__Your assignment__
Your answer must be an exact transcription of the data, with every picture omitted.

__Data below__
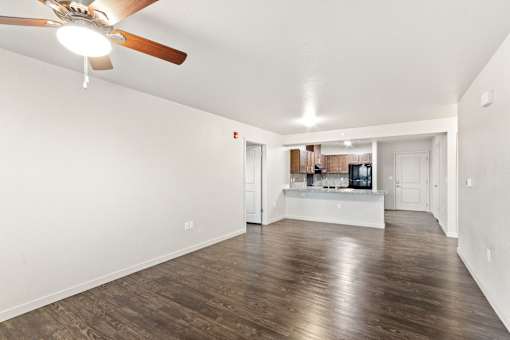 A room with a ceiling fan and wooden flooring.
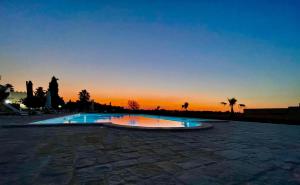 a swimming pool with a sunset in the background at B&B Terre dì Montecoco in San Pancrazio Salentino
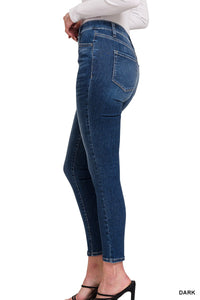 A woman wearing dark blue cropped jeans with a high waist, classic five-pocket styling, and a white ribbed long-sleeve top, shown from the side profile.
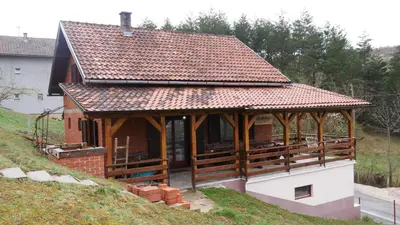 a house with a large roof on a hill at Kuća za Odmor Naša Priča in Šipovo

__Output for this exercise__
 A room with a ceiling fan and wooden flooring.
 a swimming pool with a sunset in the background at B&B Terre dì Montecoco in San Pancrazio Salentino
 A woman wearing dark blue cropped jeans with a high waist, classic five-pocket styling, and a white ribbed long-sleeve top, shown from the side profile.
 a house with a large roof on a hill at Kuća za Odmor Naša Priča in Šipovo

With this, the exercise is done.